Após seis anos de esclarecimentos junto aos trabalhadores da empresa, os casos de trabalho infantil, uso de equipamentos de proteção e informalidade chegaram quase a zero entre os fornecedores. “Estamos satisfeitos, mas não acomodados. [O monitoramento] É uma jornada sem fim”.
O diretor de sustentabilidade do Grupo Carrefour, Paulo Pianez, reforça a necessidade de se entender o contexto das condições degradantes de trabalho. “O trabalho escravo é um subproduto da desigualdade e da exclusão”. Segundo Pianez, para incidir sobre as causas do trabalho escravo é preciso reconhecê-lo, esclarecer junto aos colaboradores da empresa o problema e promover transparência.
Juliana de Lavor Lopes, gerente de sustentabilidade do Grupo AMaggi, sustenta essa ideia: “No início do processo, não sabíamos como fazer.
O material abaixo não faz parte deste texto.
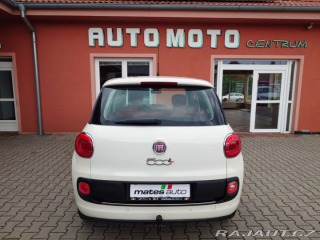 Fiat 500L 1.4 Easy 70 kW 2012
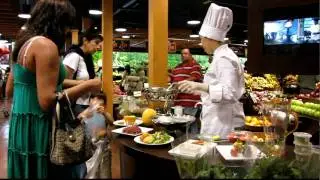 Cocina Viva! en Vivanda Pardo.MOV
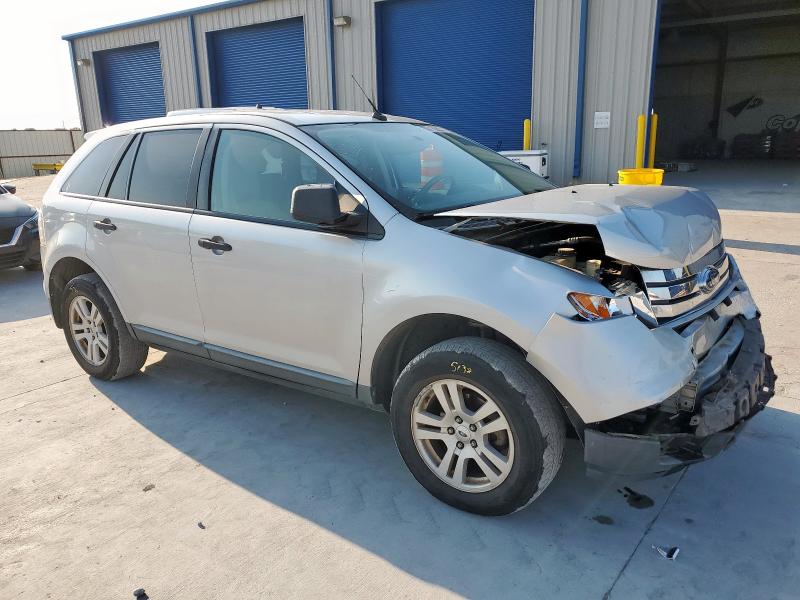 Photo 4 from auction – 2009 FORD EDGE SE with VIN 2FMDK36C39BA33838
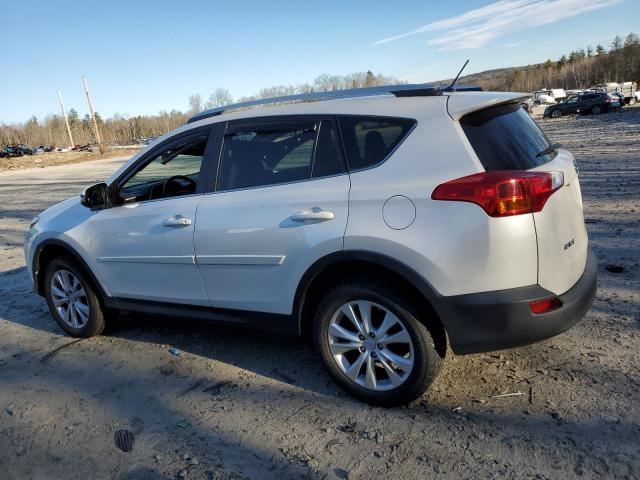 2014 Toyota RAV 4 VIN 2T3DFREV5EW217684 Copart auction photo, mechanical damage thumbnail 2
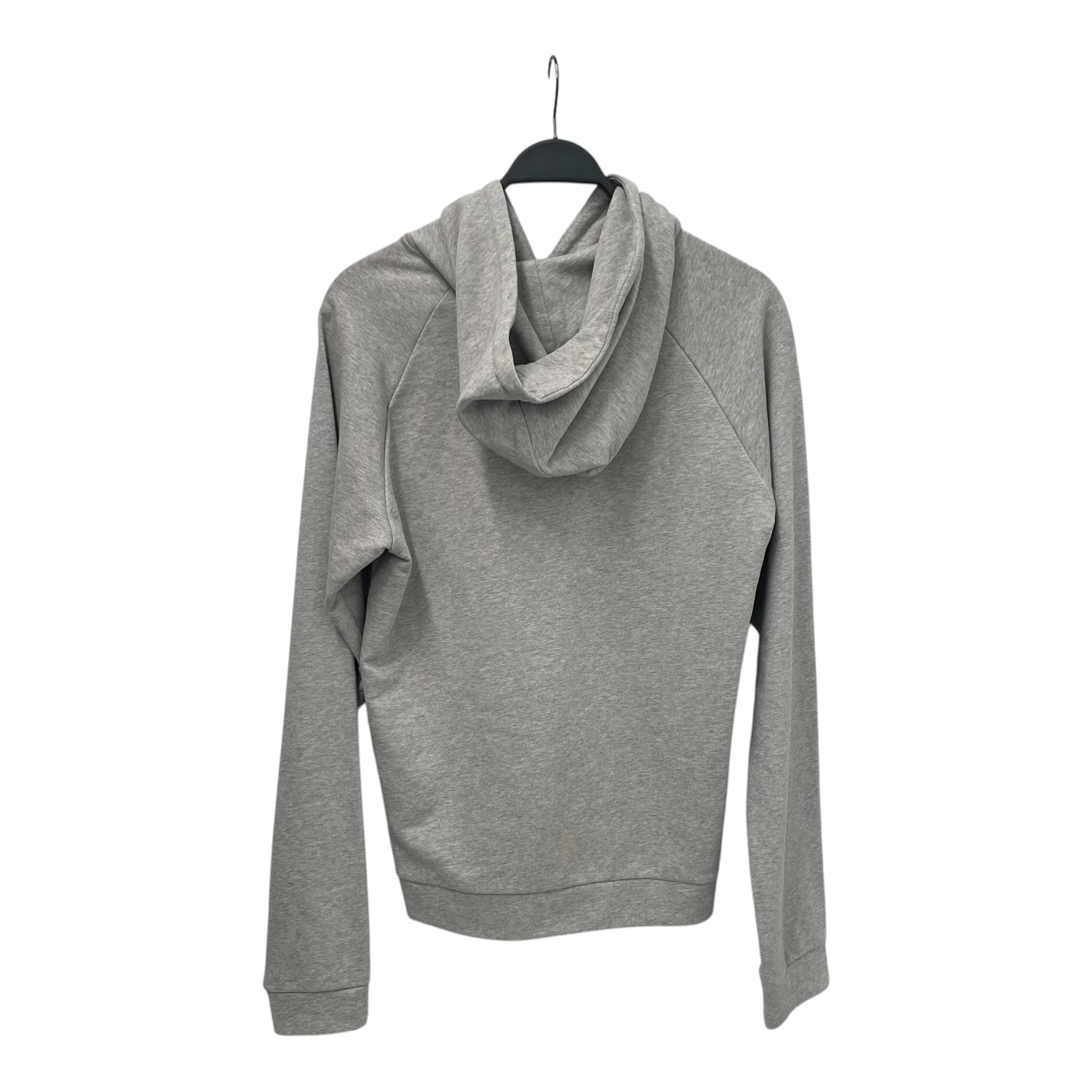 Helmut Lang/Hoodie/S/Cotton/GRY/RUBBER BAND view 2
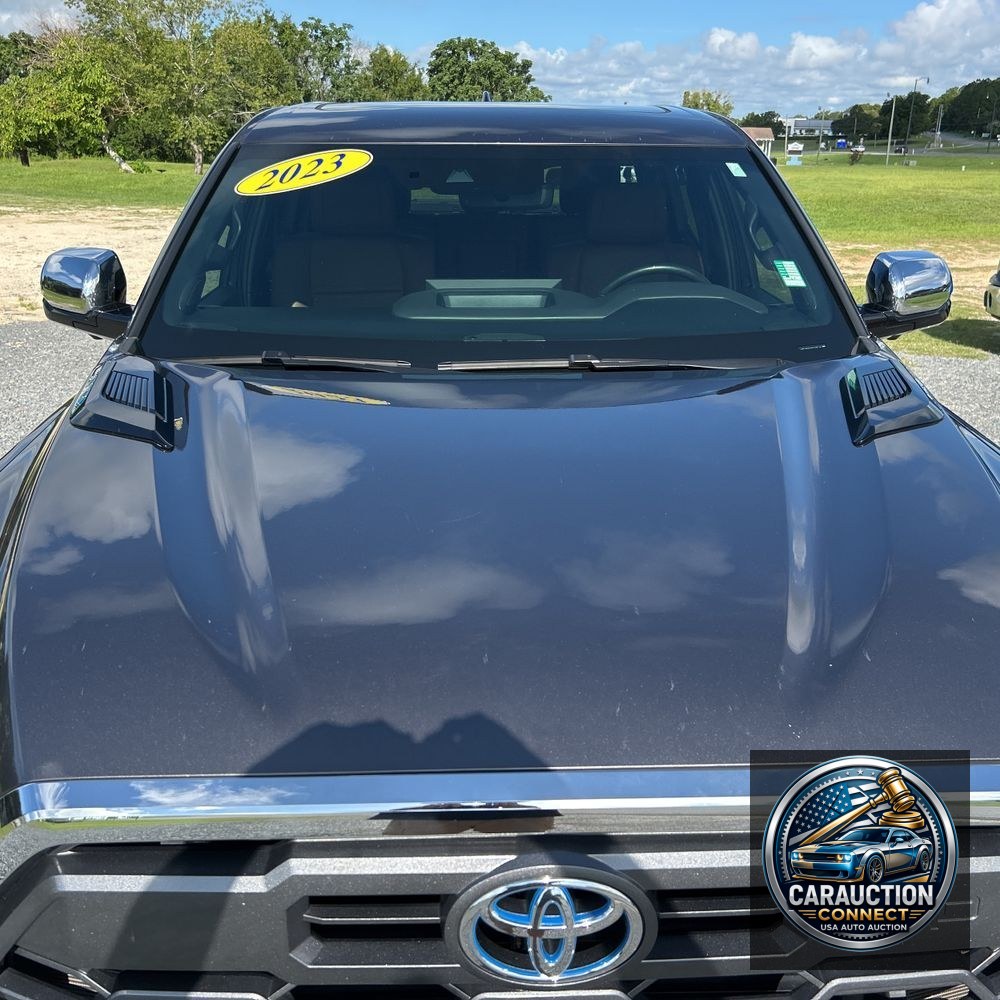 2023 Toyota Tundra 1794 Edition HV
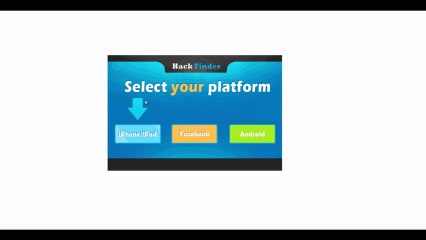Hack-Finder Presentation - Find your game hacks easily!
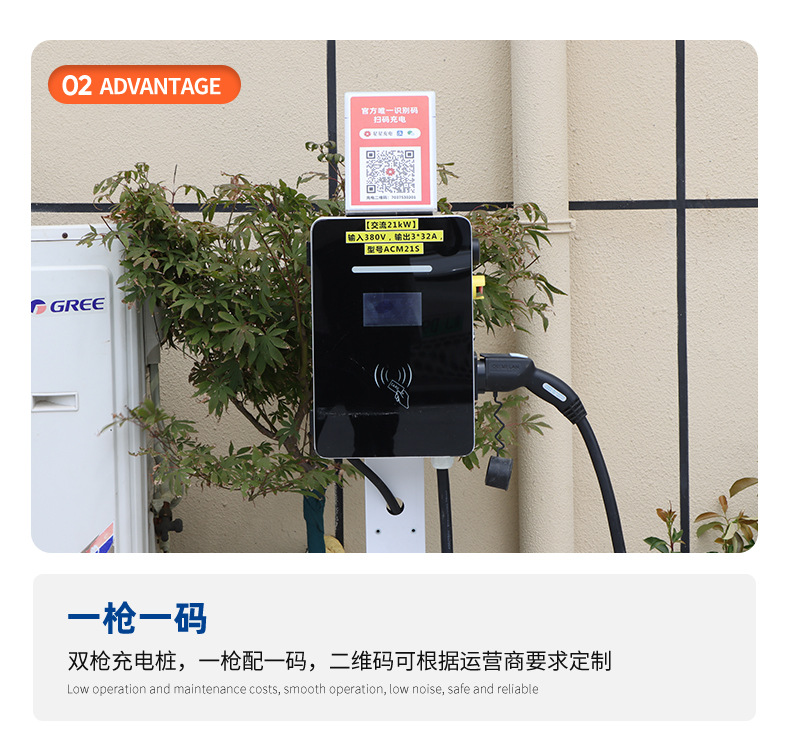 Home-Use New Energy Fast Charging Stations, Commercial Charging Stations for Investment and Construction, 120Kw High-Power Dc Charging Stations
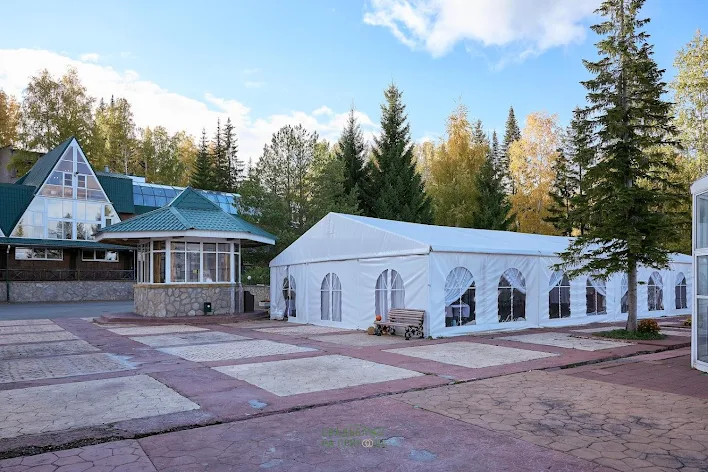 Фото №2 зала Шатер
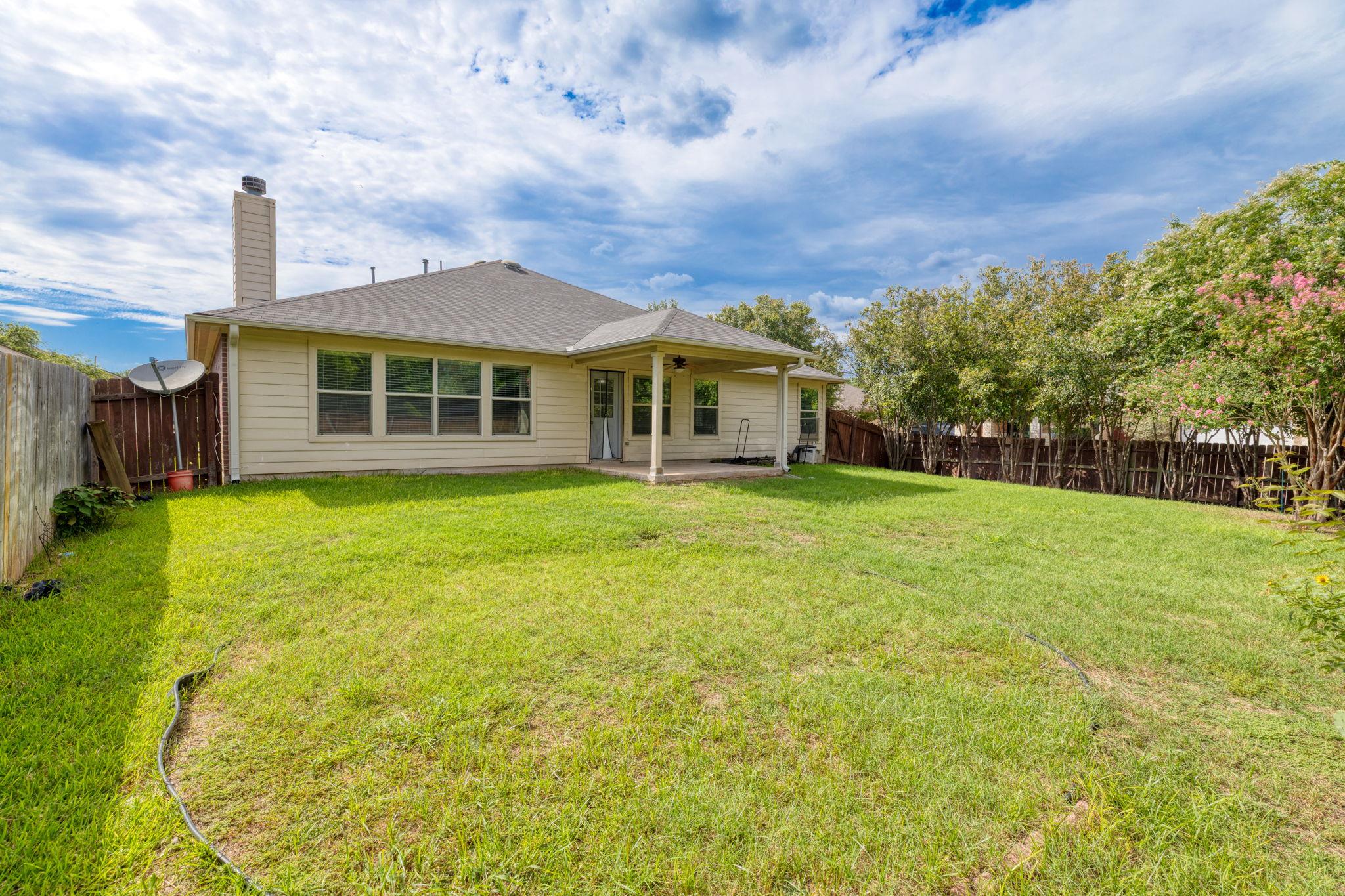 18717 Deep Water Dr, Pflugerville, TX 78660
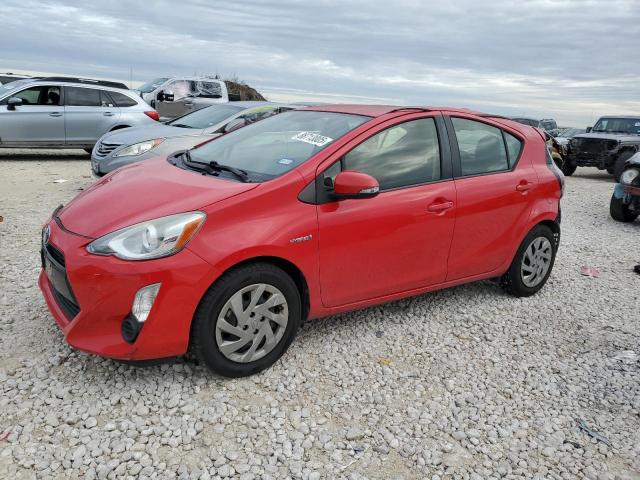 toyota prius c 2015 jtdkdtb36f1581948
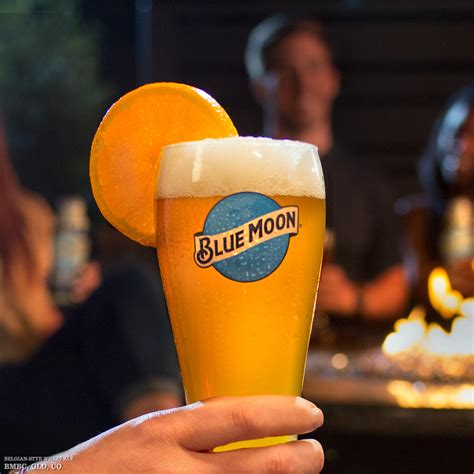 Despite my love of blue moon, i had no idea there were so many other beers that blue moon has come out with in the past that they no. Blue Moon® Belgian White | Blue Moon
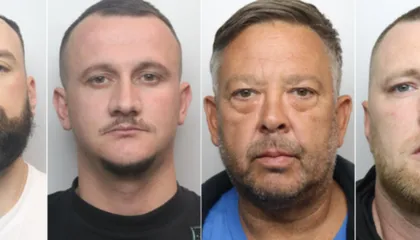 Trafik kokaine me 8 valixhe nga Meksika në Britaninë e Madhe, blloku i shënimeve ‘fundos’ shqiptarët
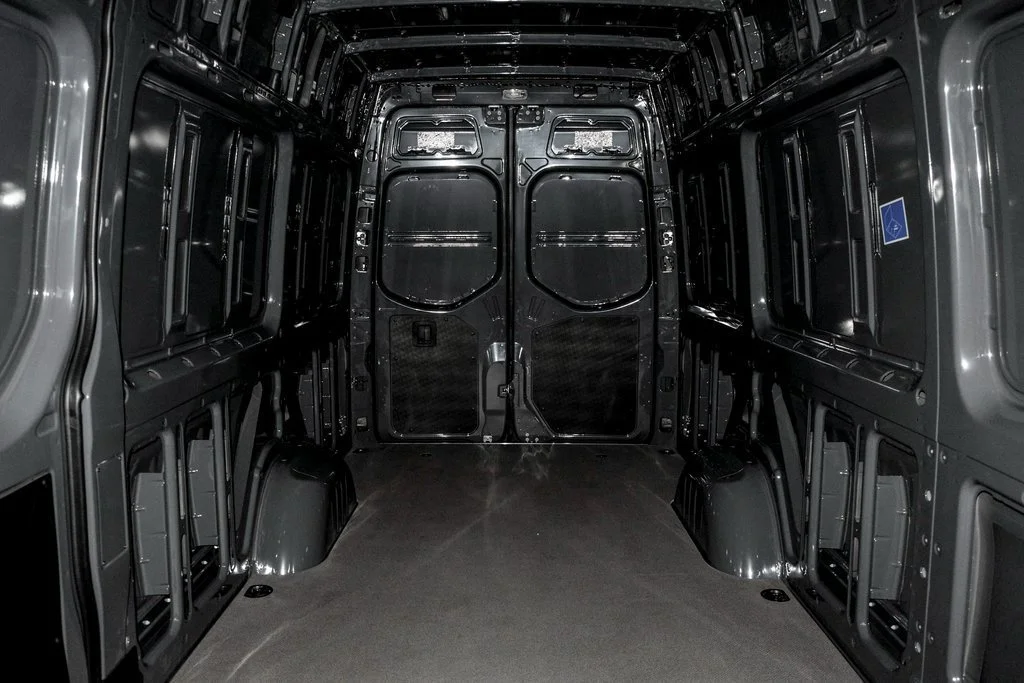 New 2026 Graphite Gray Mercedes-Benz  image 22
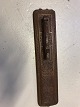 Dänisches 
Mangelbrett, 
mit 
Meerweibchen 
Griff.
Datiert 1736.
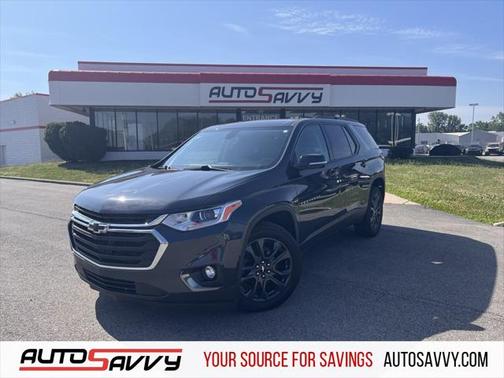 2019 Chevrolet Traverse RS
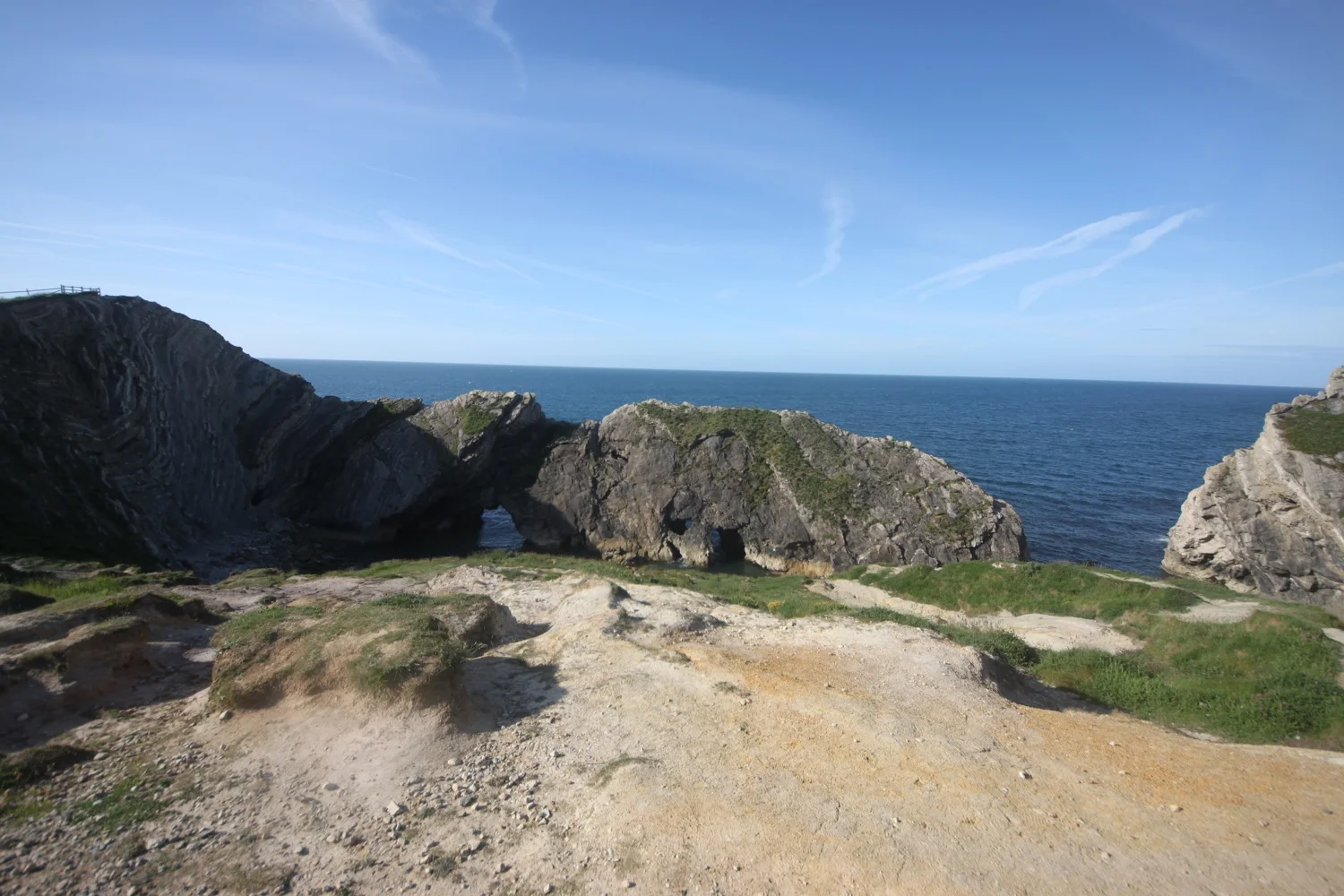 stair hole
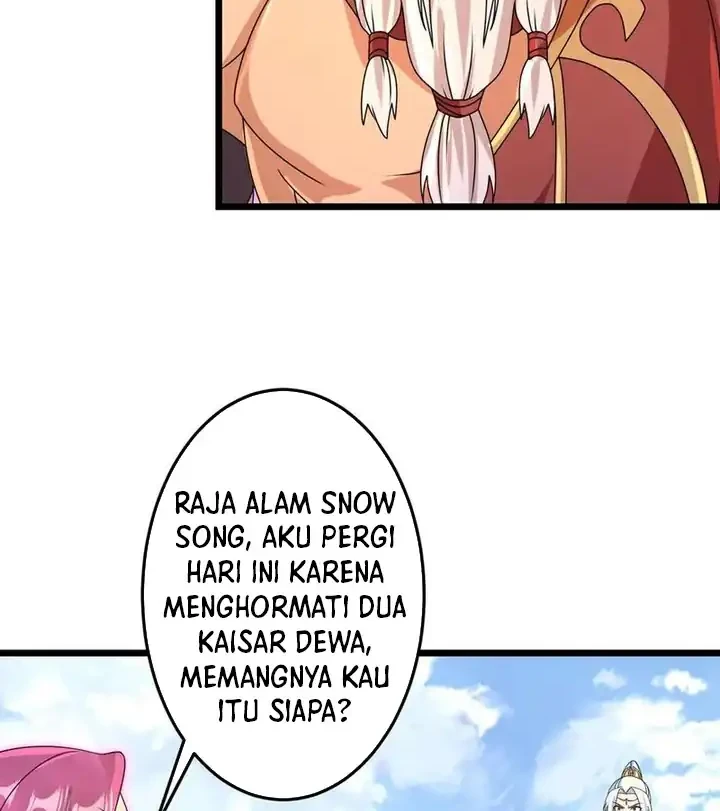 Against the Gods Chapter 739 - halaman 29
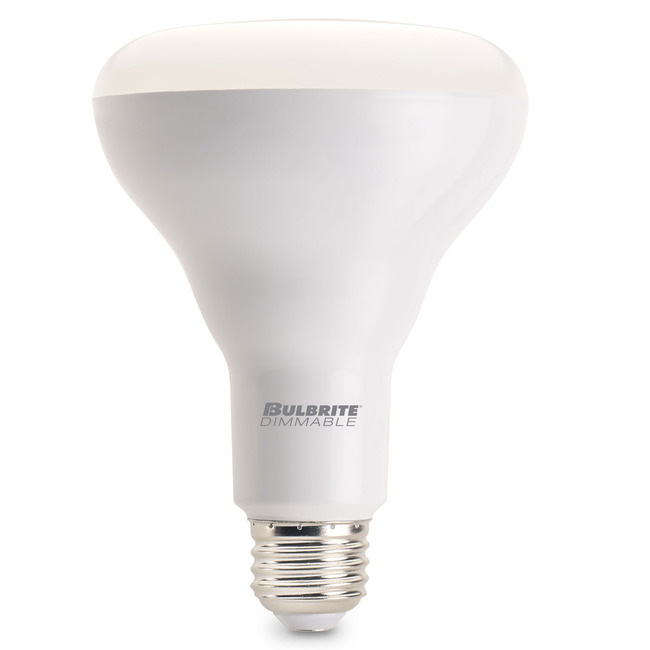 BR30 Med Base 13W 120V 2700K 80CRI 4-PACK by Bulbrite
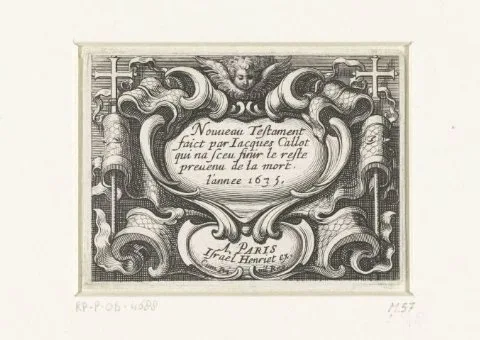 Abraham Bosse, Scènes uit het Nieuwe Testament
Tivemos que entender a dimensão do problema e estudar uma estratégia para erradicá-lo”. Desde 2009, a AMaggi é um dos apoiadores do Movimento Ação Integrada, com sede no Mato Grosso. No projeto, trabalhadores resgatados em condições análogas às de escravos recebem capacitação profissional.
Em 2010, o Grupo Walmart assumiu um compromisso de não comprar carne que tenha sido produzida em áreas de desmatamento da Amazônia. As ações de responsabilidade social do grupo logo incluíram o monitoramento da cadeia produtiva de seus fornecedores. “As primeiras reuniões pareciam uma guerra, mas agora, cinco anos depois, o cenário é bem diferente”, destaca Tatiana Donato Trevisan, diretora de sustentabilidade do grupo no Brasil. “Ou a gente vive em uma bolha e finge que não existe trabalho escravo ou a gente se junta e muda isso com inovação social”.